But, in spite of all his obvious defects, Marius was firmly convinced that he was to be not only the preserver of Rome from the barbarians, but also the destined “saviour of society,” who was to take up the task of the Gracchi and to tear the administration of the empire from the incapable hands of the Senate. A little experience convinced him that he was not really suited for the work of a mob orator, nor for the drawing up of an elaborate political programme of reforms. But the only result of this discovery was to make him resolve to take into his pay useful persons capable of writing his speeches and drafting his bills for him. He must find tools and mouthpieces who would act as his agents in the work of revolution.

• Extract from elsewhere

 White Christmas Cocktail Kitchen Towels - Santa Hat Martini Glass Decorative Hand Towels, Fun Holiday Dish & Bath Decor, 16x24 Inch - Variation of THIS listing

Unskilful in every political action, Marius enlisted as his managing partners two able and reckless scoundrels, whose disreputability was to be the ruin both of himself and of the Democratic cause. These two choice spirits, L. Appuleius Saturninus and C. Servilius Glaucia, were the Roman counterparts of the Cleophons and Hyperboli of Athens. The former was a contentious, obstinate man, who (as quaestor in 104) had a quarrel with the Senate, in which he considered that he was ill-treated. Since then he had devoted himself to the career of malcontent and exposer of abuses. In B.C. 103 he had obtained the tribunate, and had used its powers by bringing perpetual charges of bribery or misconduct against unpopular Optimates, by raising mobs, and by sweeping the streets whenever the spirit seized him. He was now anxious to take another turn of tribunicial power. His colleague, Glaucia, seems to have been a shade less violent, but even more insolent and disreputable. His special talent lay in the direction of vulgar and indecent stump oratory, with which he could always keep the multitude on the roar.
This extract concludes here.